Jarosław Kaczyński podkreślił, że plan ws. powodzi przygotowany przez jego formację obejmuje pomoc dla bezpośrednio poszkodowanych, dla pracodawców, którzy stracili coś w swoich zakładach pracy, dla pracowników, którzy nie mogli podjąć pracy. Kaczyński opowiedział się też za powrotem do "wielkiego planu" Grażyny Gęsickiej, który uniemożliwi ten zakres, rozmiar powodzi na przyszłość. Jak mówił, niezbędne są również daleko idące zmiany w organizacji państwa, bo nie może być tak, by pięć instytucji zarządzało sprawami wody.

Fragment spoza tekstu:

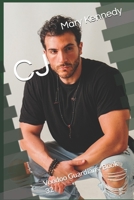 CJ: Voodoo Guardians: Book 32 B0DWF3L4PV Book Cover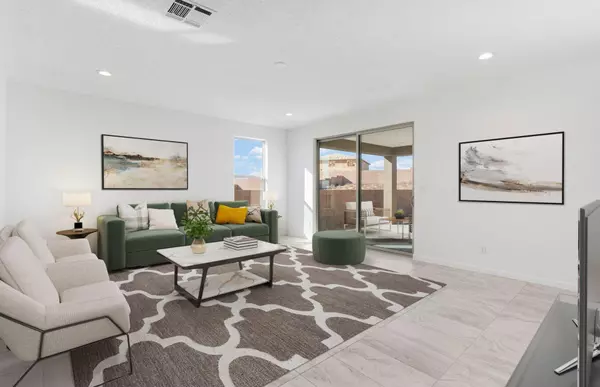 Rio Rancho, NM 87124,3027 Opalo DR SE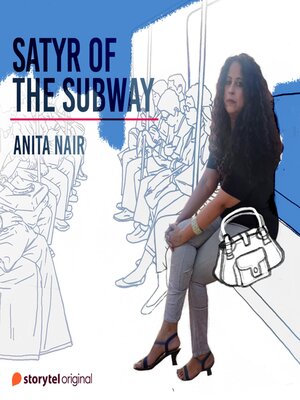 cover image of Satyr of the Subway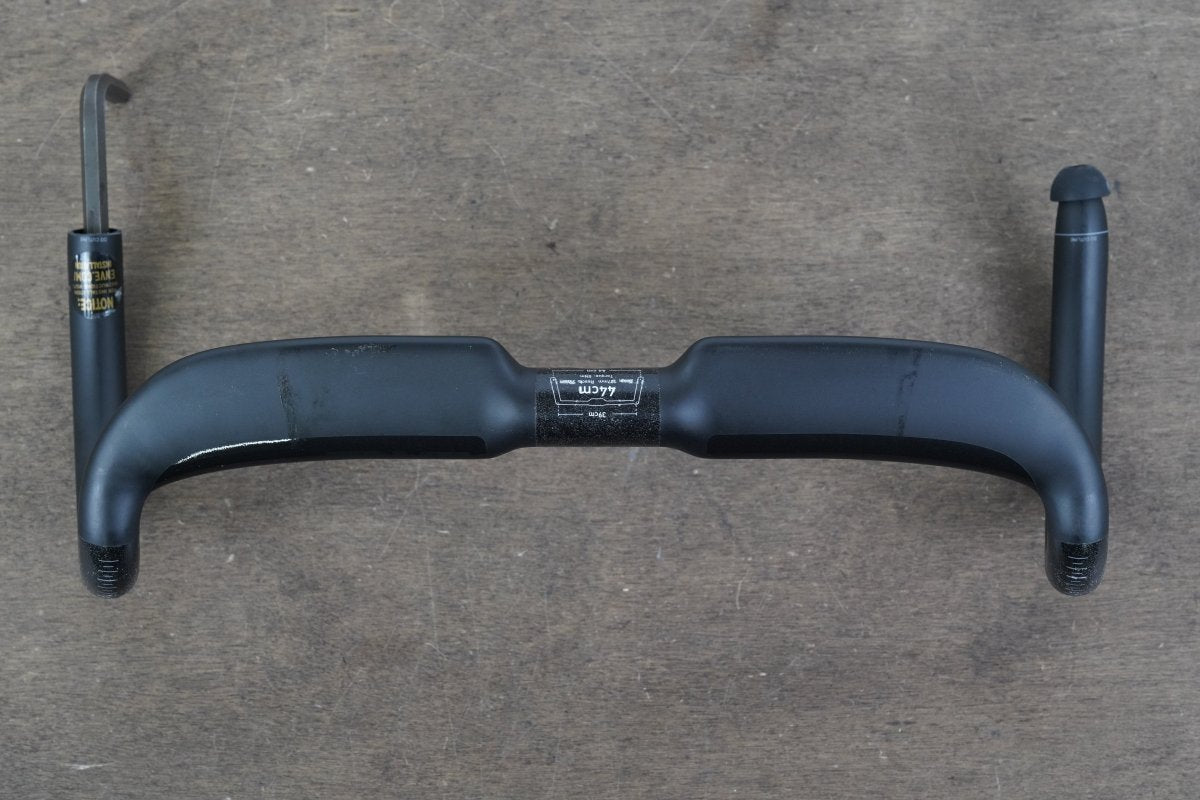 44cm ENVE SES Aero Carbon Road Handlebar 31.8mm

Grzegorz Napieralski uznał, że najważniejsze dla walki z powodzią jest to, by nie kłócić się na wałach, jak to miało miejsce - dodał - tydzień temu. Musimy zrobić wiele, by tym ludziom pomóc. Po pierwsze - rzeczoznawcy, którzy pomogą im oszacować straty, rząd, który pomoże finansowo, tanie kredyty gwarantowane przez państwo, aby odbudować swoje domy - wyliczał.

Waldemar Pawlak mówił, że zawsze trzeba robić to, co jest najważniejsze w danym czasie. Dlatego - ocenił - najpierw trzeba było chronić zagrożonych, potem pomóc poszkodowanym, później przyjdzie czas na rozwiązania systemowe. Potrzebny jest wielki program przebudowy, aby zminimalizować ryzyko - dodał.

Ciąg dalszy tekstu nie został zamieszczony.